**Problem to solve:**
Could you restate word for word only the lines below from the one holding "a black and" to the one holding "3 QT Enameled", inclusive, and leave out the pictures?

**Source data:**
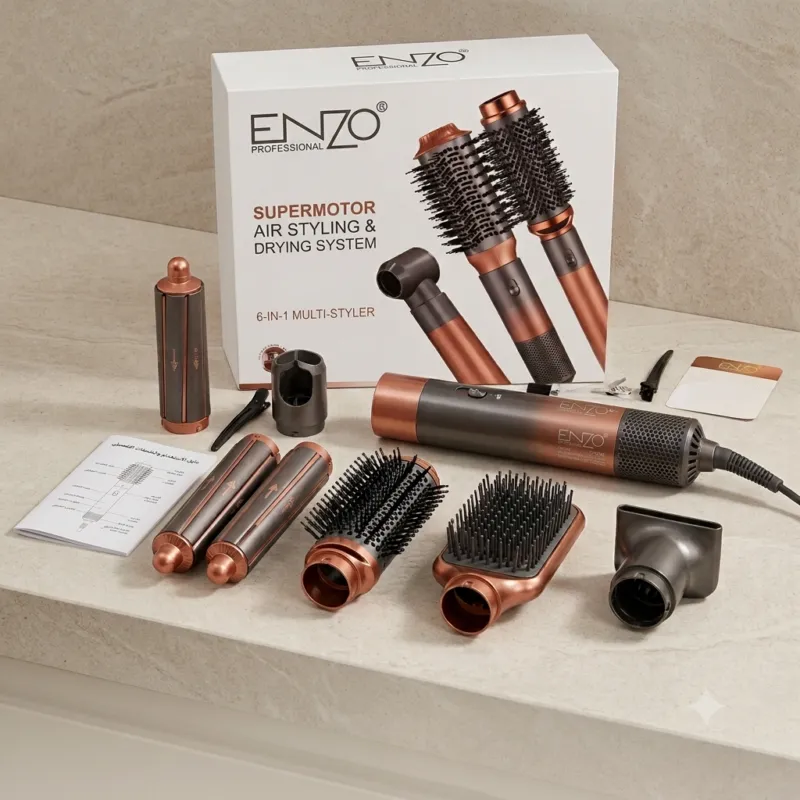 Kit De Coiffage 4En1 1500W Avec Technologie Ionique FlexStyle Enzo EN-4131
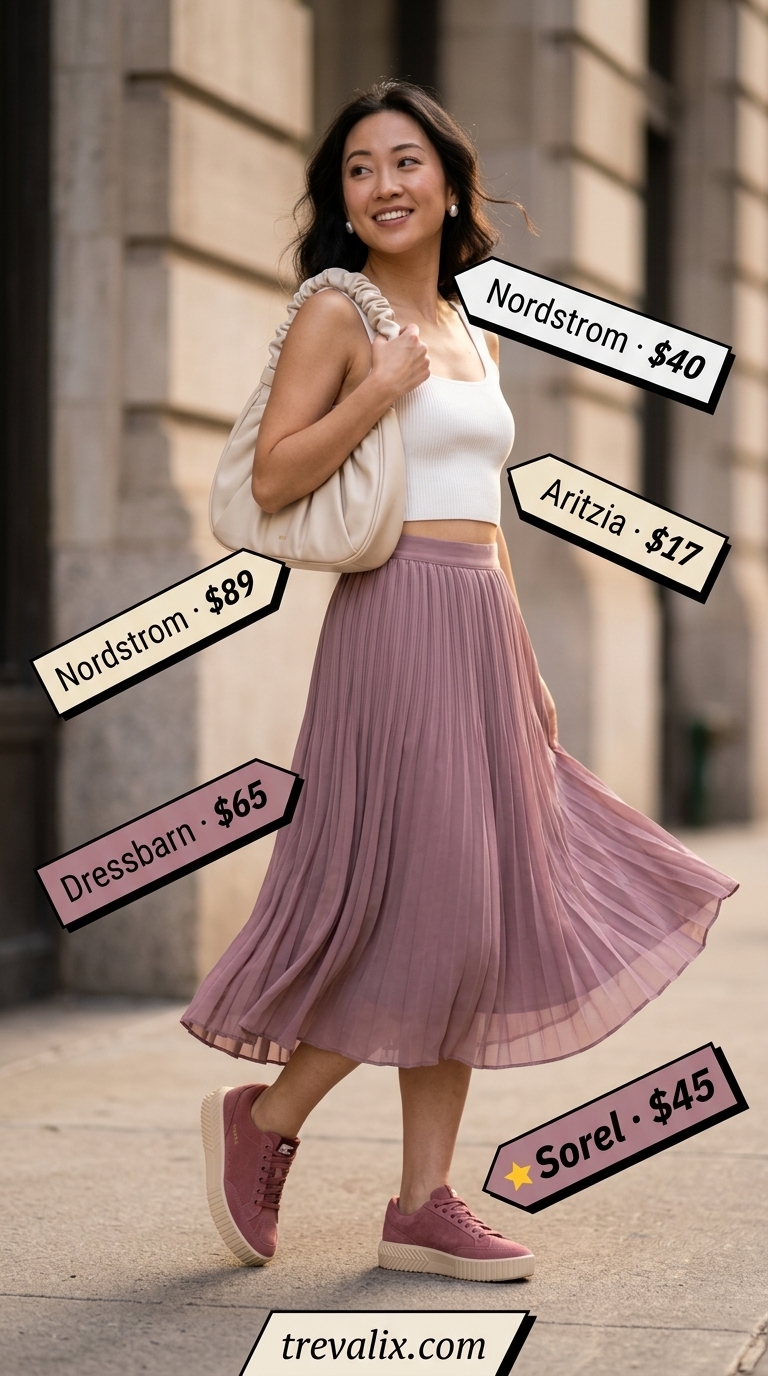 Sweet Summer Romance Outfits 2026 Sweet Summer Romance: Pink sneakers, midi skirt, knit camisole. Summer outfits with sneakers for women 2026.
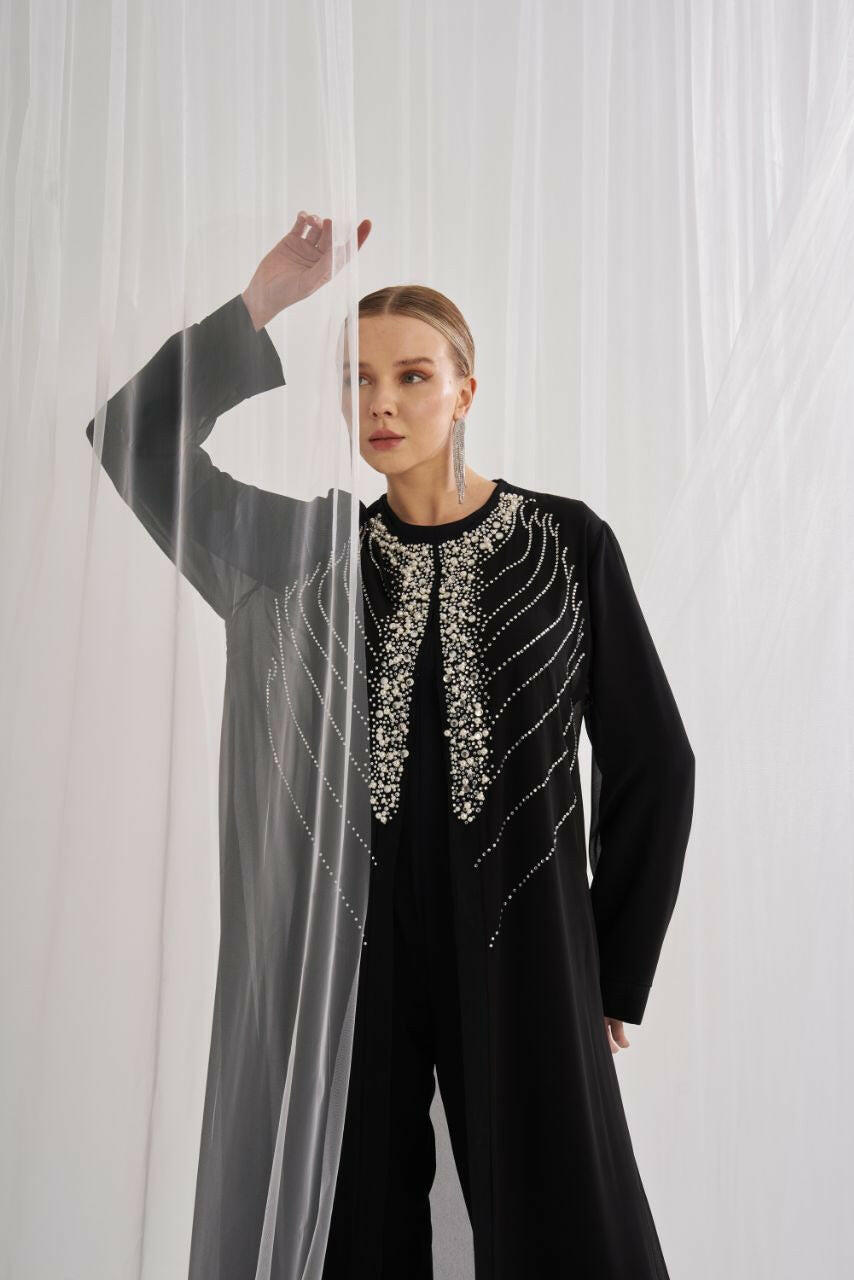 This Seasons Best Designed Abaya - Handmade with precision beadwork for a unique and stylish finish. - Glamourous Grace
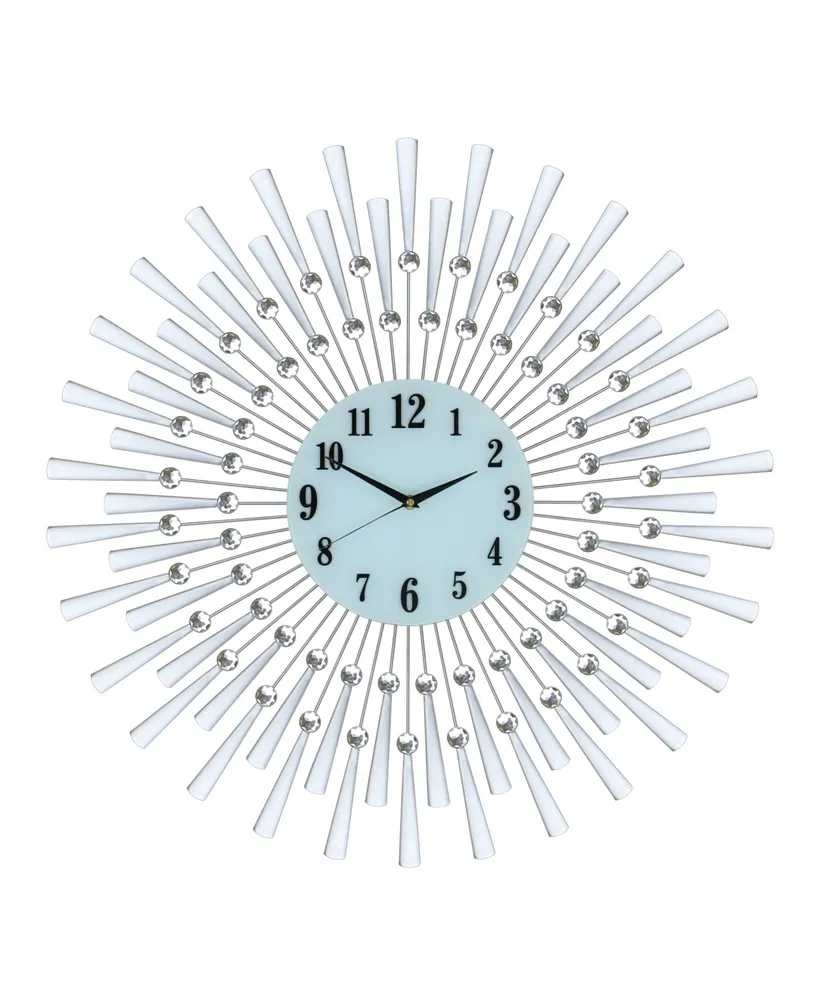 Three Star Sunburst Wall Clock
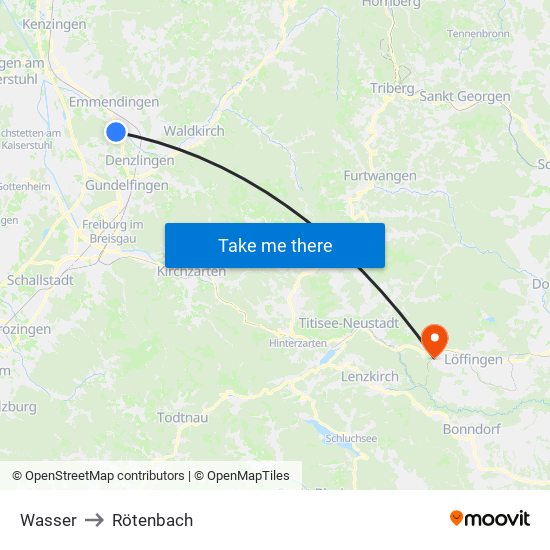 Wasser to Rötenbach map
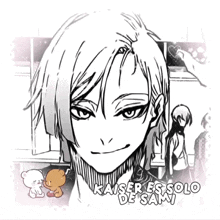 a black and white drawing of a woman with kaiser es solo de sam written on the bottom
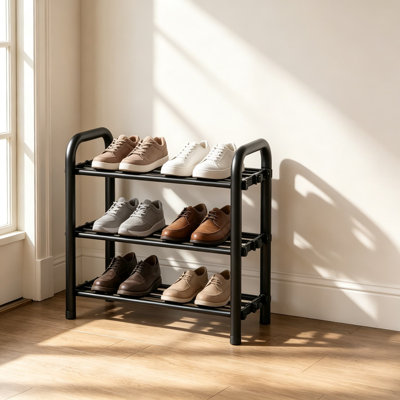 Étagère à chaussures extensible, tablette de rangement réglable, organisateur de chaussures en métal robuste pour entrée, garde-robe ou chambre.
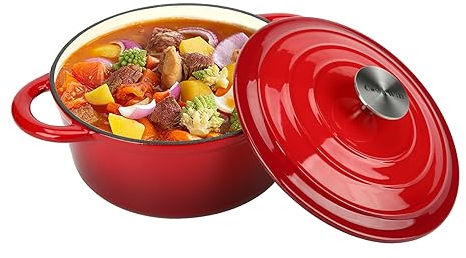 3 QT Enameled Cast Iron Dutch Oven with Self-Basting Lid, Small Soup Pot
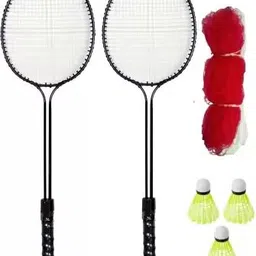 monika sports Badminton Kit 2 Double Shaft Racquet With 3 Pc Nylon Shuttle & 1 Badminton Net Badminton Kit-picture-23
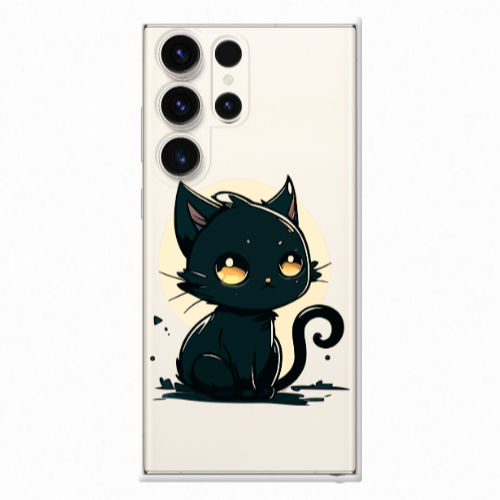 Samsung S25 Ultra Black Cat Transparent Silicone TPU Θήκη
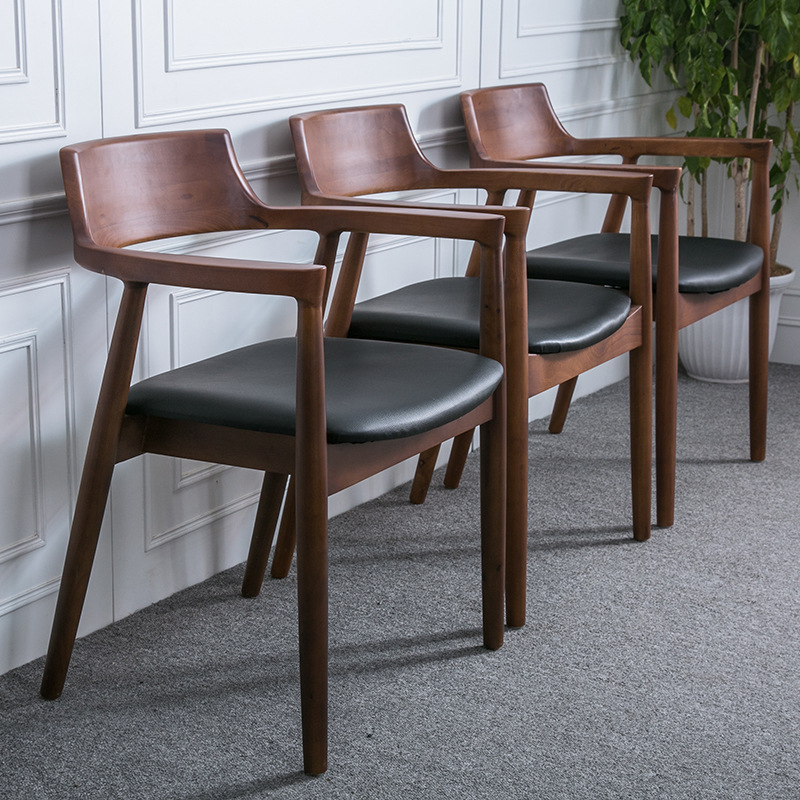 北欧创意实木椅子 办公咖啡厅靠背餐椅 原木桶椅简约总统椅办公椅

**Output of the exercise:**
 a black and white drawing of a woman with kaiser es solo de sam written on the bottom
 Étagère à chaussures extensible, tablette de rangement réglable, organisateur de chaussures en métal robuste pour entrée, garde-robe ou chambre.
 3 QT Enameled Cast Iron Dutch Oven with Self-Basting Lid, Small Soup Pot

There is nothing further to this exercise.